## Instructions for the task
The expected output is an exact copy of the lines from the one containing "What did members" to the final line below, minus any pictures.

## Available data
——

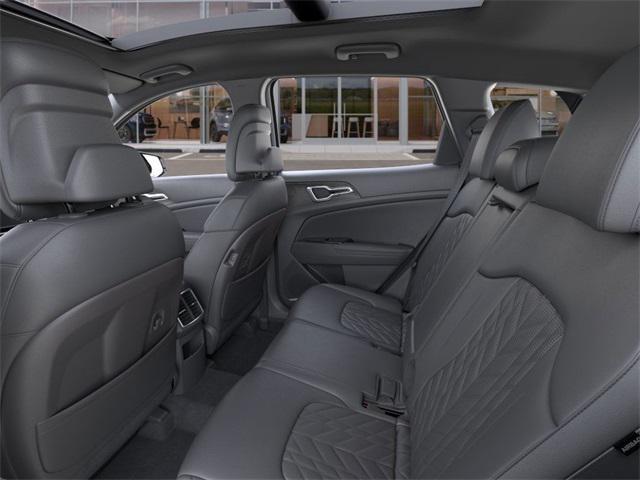 new 2025 Kia Sportage car, priced at $41,183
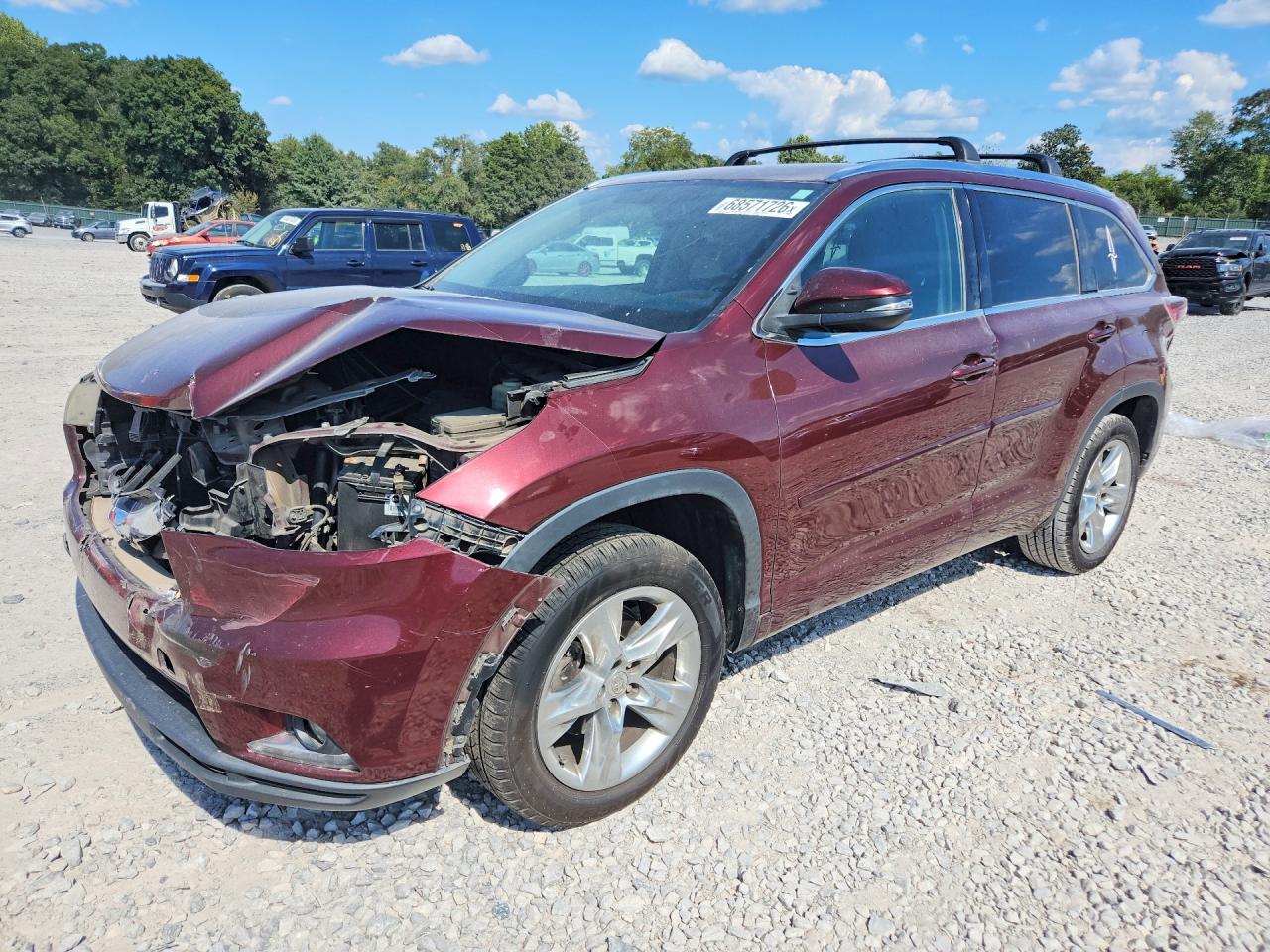 2015 TOYOTA HIGHLANDER Base/Hybrid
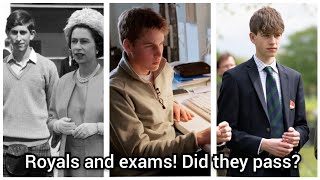 What did members of the British Royal Family get in their GCSEs and A levels [upl. by Muns]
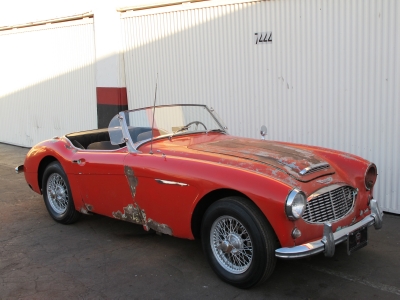 1957 Austin-Healey 100-6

——

## Reply
 What did members of the British Royal Family get in their GCSEs and A levels [upl. by Muns]
 1957 Austin-Healey 100-6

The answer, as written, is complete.